Os espaços silvestres constituem 64% da totalidade do solo português, segundo as estatísticas de uso do solo em Portugal, com predomínio de áreas florestais e incultos. A política da Administração baseia-se na conservação dos espaços silvestres, considerados como naturais, e por isso a manter fora da esfera de intervenção do Homem, ficando entregues a uma regeneração natural bruta, não obstante se encontrarem em processo de degradação e/ou esgotamento.

Por outro lado, os solos classificados como Reserva Ecológica Nacional (REN), cerca de 50% do território, são claramente interditados a qualquer relacionamento com a população residente, impedindo a apropriação do espaço pela sociedade, o que contribuem também para o processo de abandono. Curiosamente, os cerca de 7,5% classificados como áreas protegidas de “parques e reservas”, são colocadas à margem da REN, apesar de serem os únicos comprovados como ecossistemas de claro interesse científico. Donde se conclui que, a criação da REN não visou proteger ecossistemas únicos, porque não existiu uma análise profunda desses ecossistemas, baseou-se sim, na proibição de “acções que diminuam ou destruam as funções e potencialidades” de metade do solo português, as quais não são especificadas pela Administração. Para além da proibição de construir, que em muitos casos poderia aproximar os interessados na manutenção e exploração desses ecossistemas, a proibição de destruição do coberto vegetal em áreas de REN, impede inclusivamente os proprietários de procederem à limpeza selectiva dos matos… que vemos arder todos os Verões. A lei pressupõe, assim, que os proprietários actuam, naturalmente, de forma nociva sobre os seus próprios terrenos, o que resulta no alheamento justificado desses proprietários, relativamente ao solo congelado pela Administração.

Mas também os parques naturais continuam a ser encarados numa perspectiva de proibicionismo e abandono forçado, como forma de conservação, ausentados de qualquer processo de intervenção/ transformação que vise uma exploração contínua e sustentável dos seus recursos.

A Administração congelou assim o desenvolvimento, e também a possibilidade de cuidar de grande parte do solo que administra. Muitos das áreas ardidas ao longo dos anos, eram e continuam a ser, espaços votados ao abandono. Perante uma Administração estática e redutora parece-me bastante pertinente a análise de Henrique Pereira dos Santos, arquitecto paisagista, publicada num artigo do Jornal Público, a 8 de Agosto deste ano, onde afirma, justificando: “Os fogos a que assistimos são a face mais visível da recuperação dos nossos ecossistemas, muito mais que um facto determinante da sua degradação”

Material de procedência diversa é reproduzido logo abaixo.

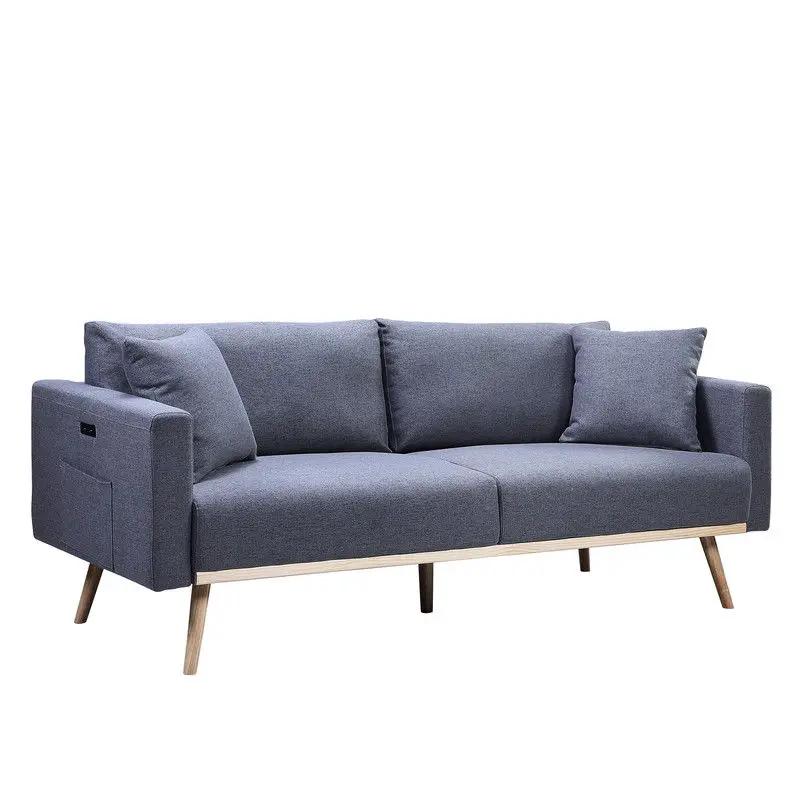 Easton - Fabric Sofa With USB Charging Ports Pockets And Pillows by Unique Piece Furniture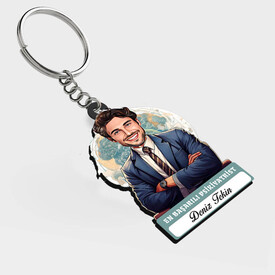  - Karikatürlü - Erkek Psikiyatrist İsimli Anahtarlık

Defendem os especialistas em planeamento territorial que o Homem deve intervir nestes ecossistemas, quer para os explorar economicamente, quer para recuperar o coberto arbóreo, a qualidade do solo ou a diversidade cinegética, ou construir paisagens notáveis. Defendem que todo o território necessita de assistência, vigilância e tratamento permanentes com um sentido social claro.

É absurdo pensar que não existe qualquer uso compatível com o uso do solo silvestre, a partir do qual todos os outros de diferenciaram. É necessário encarar esta problemática de forma madura e conscienciosa, e sobretudo numa perspectiva de continuidade, necessária a qualquer processo de programação do sector florestal. A sociedade actual não pode dar lugar a espaços de abandono…de degradação. A administração deverá ser capaz de envolver a população, no processo de transformação do território, respeitando o direito das pessoas participarem na construção do mundo, por intermédio da discussão e argumentação. Por outro lado, assumir a proibição como forma de gestão, para além de implicar acarretar com todas as responsabilidades da ausência de intervenção, cria um distanciamento insustentável entre as pessoas e o seu espaço de vivência.

Os incêndios trazem à luz toda esta problemática. Mostram um território esquecido e abandonado, que o fogo nos recorda existir.